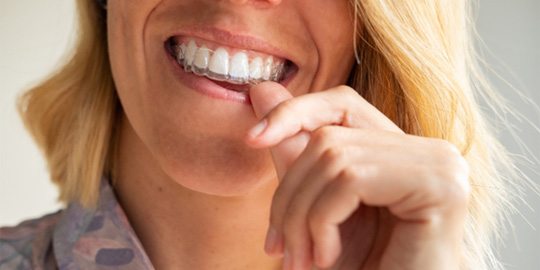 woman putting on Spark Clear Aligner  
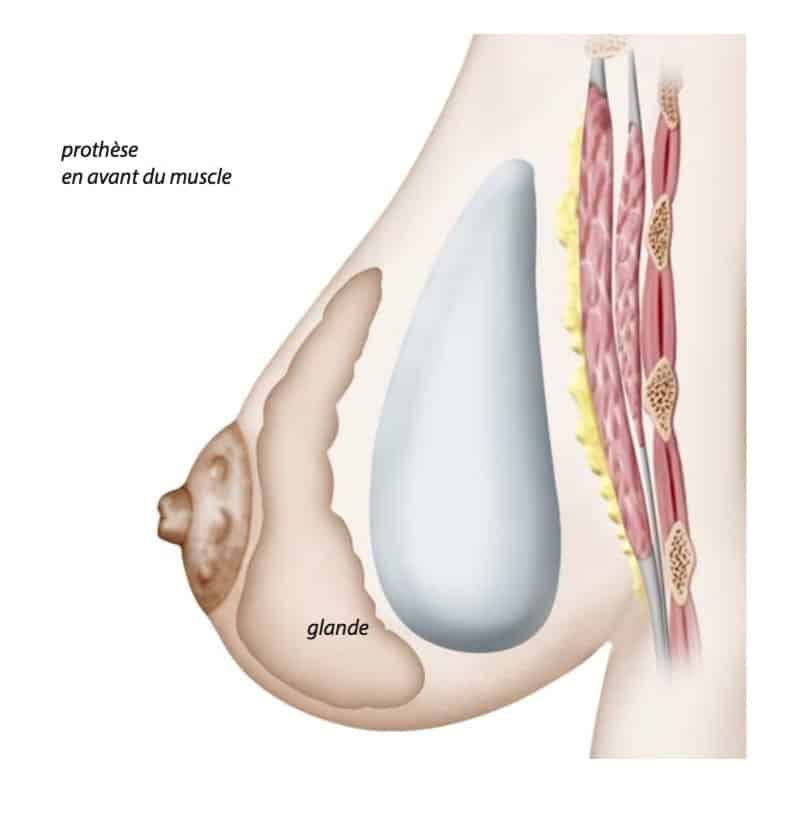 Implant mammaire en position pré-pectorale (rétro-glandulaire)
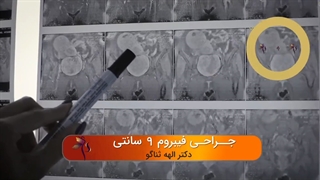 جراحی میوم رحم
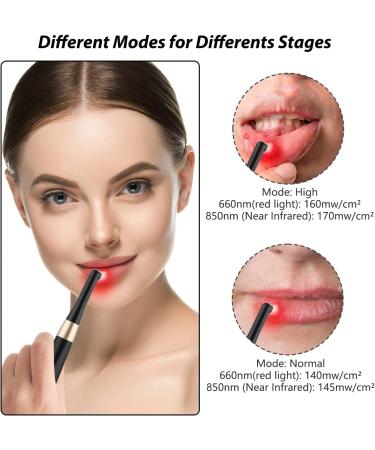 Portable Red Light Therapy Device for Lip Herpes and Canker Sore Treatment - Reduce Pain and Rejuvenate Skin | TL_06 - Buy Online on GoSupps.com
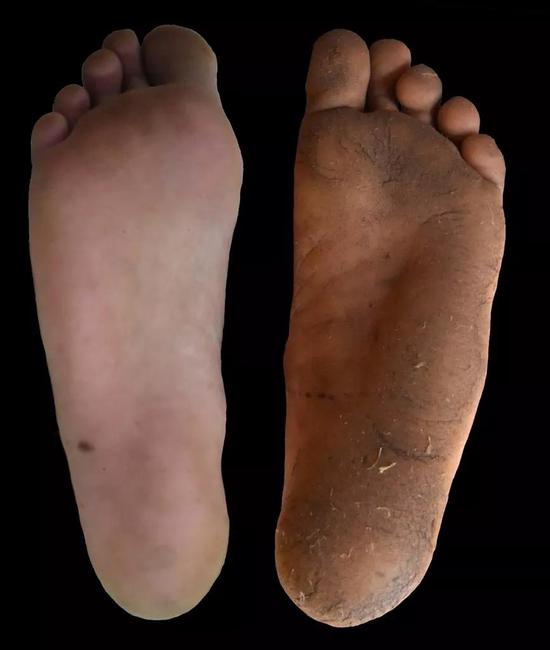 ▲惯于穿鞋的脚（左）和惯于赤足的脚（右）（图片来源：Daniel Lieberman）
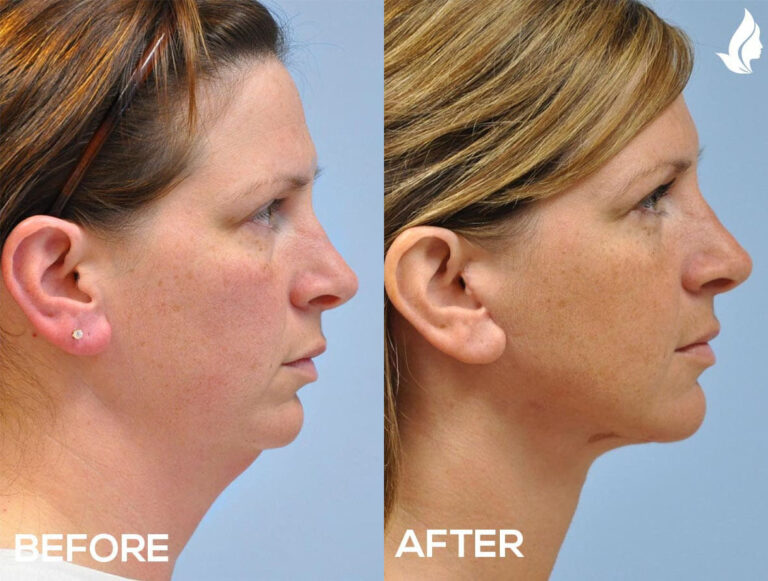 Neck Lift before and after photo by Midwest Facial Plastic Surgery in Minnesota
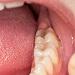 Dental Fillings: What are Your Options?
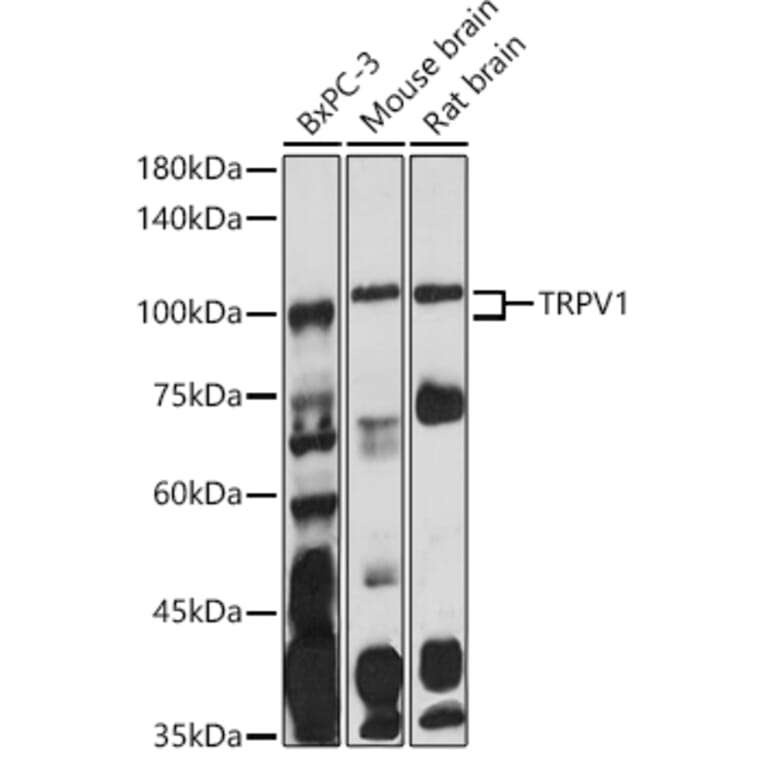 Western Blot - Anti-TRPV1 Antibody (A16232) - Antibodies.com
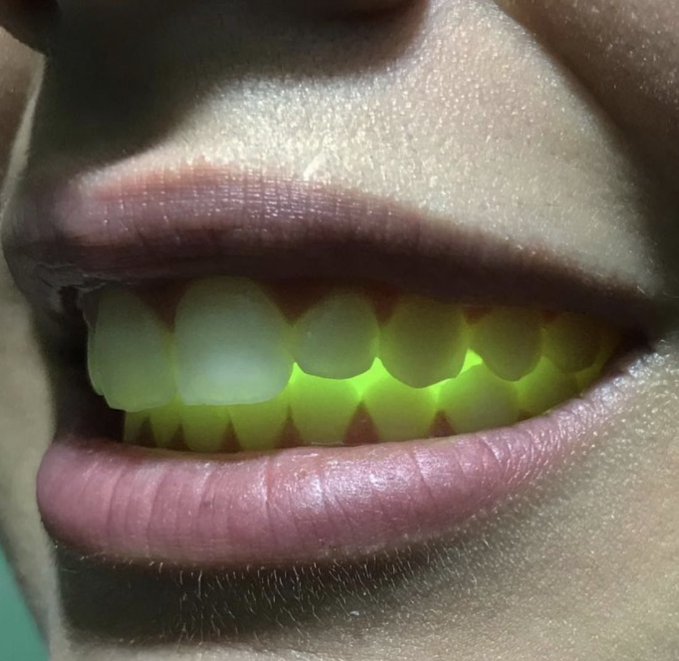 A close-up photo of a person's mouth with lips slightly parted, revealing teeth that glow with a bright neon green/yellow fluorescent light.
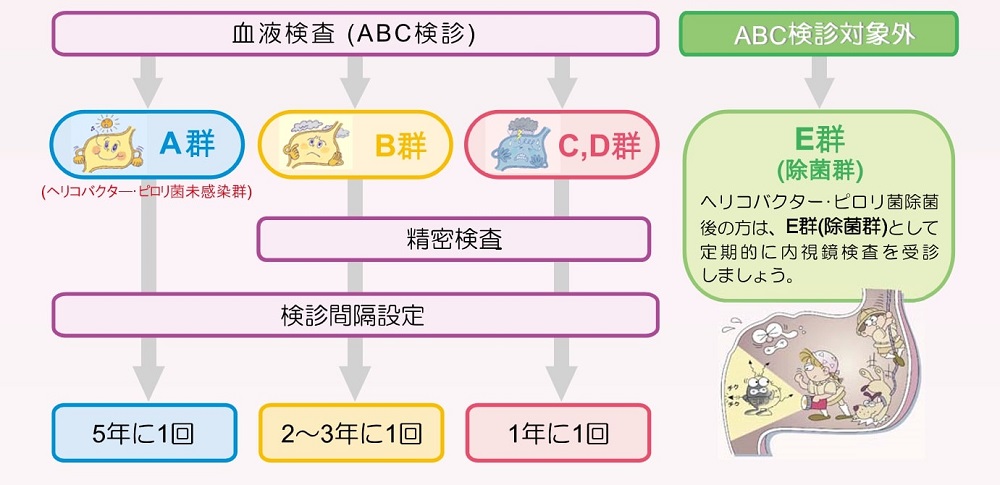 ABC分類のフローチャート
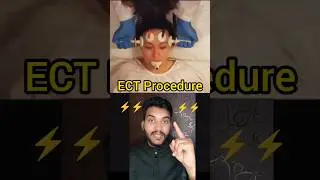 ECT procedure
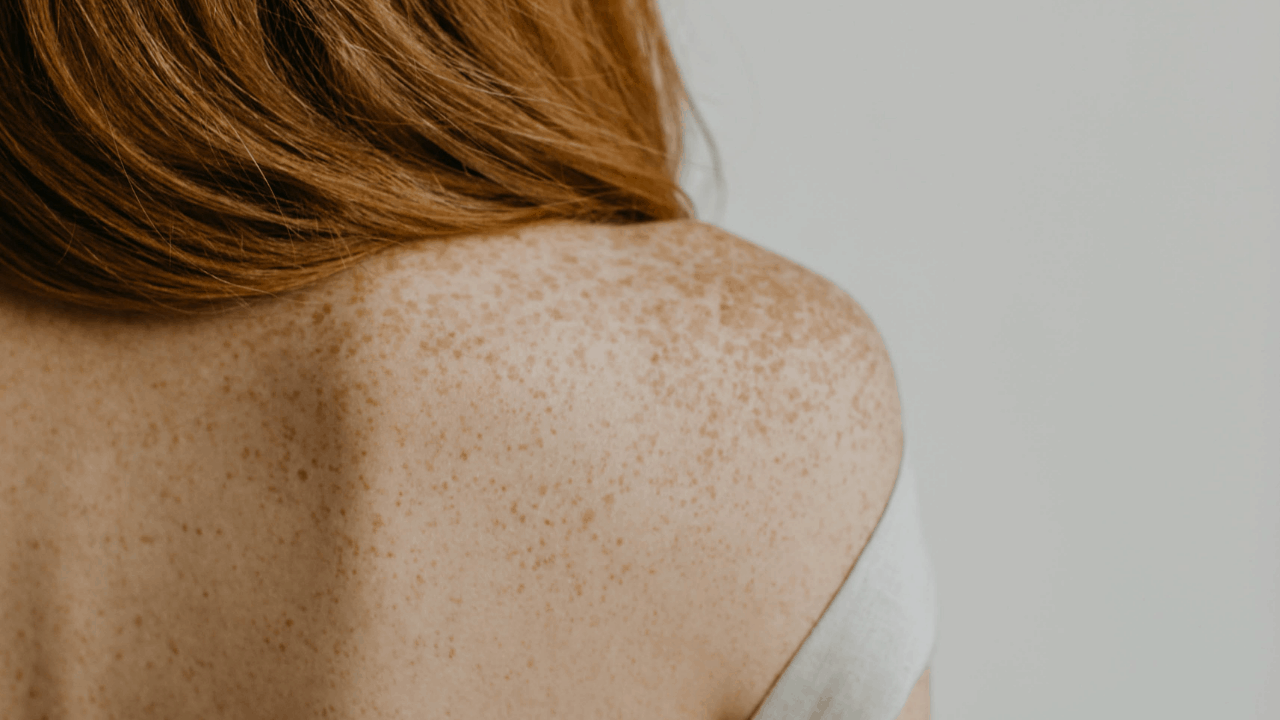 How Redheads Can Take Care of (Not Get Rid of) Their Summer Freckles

####################

Reproduce nothing but the lines from the line containing "ABC分類のフローチャート" through the last line of the data above, exactly as written and without pictures.

 ABC分類のフローチャート
 ECT procedure
 How Redheads Can Take Care of (Not Get Rid of) Their Summer Freckles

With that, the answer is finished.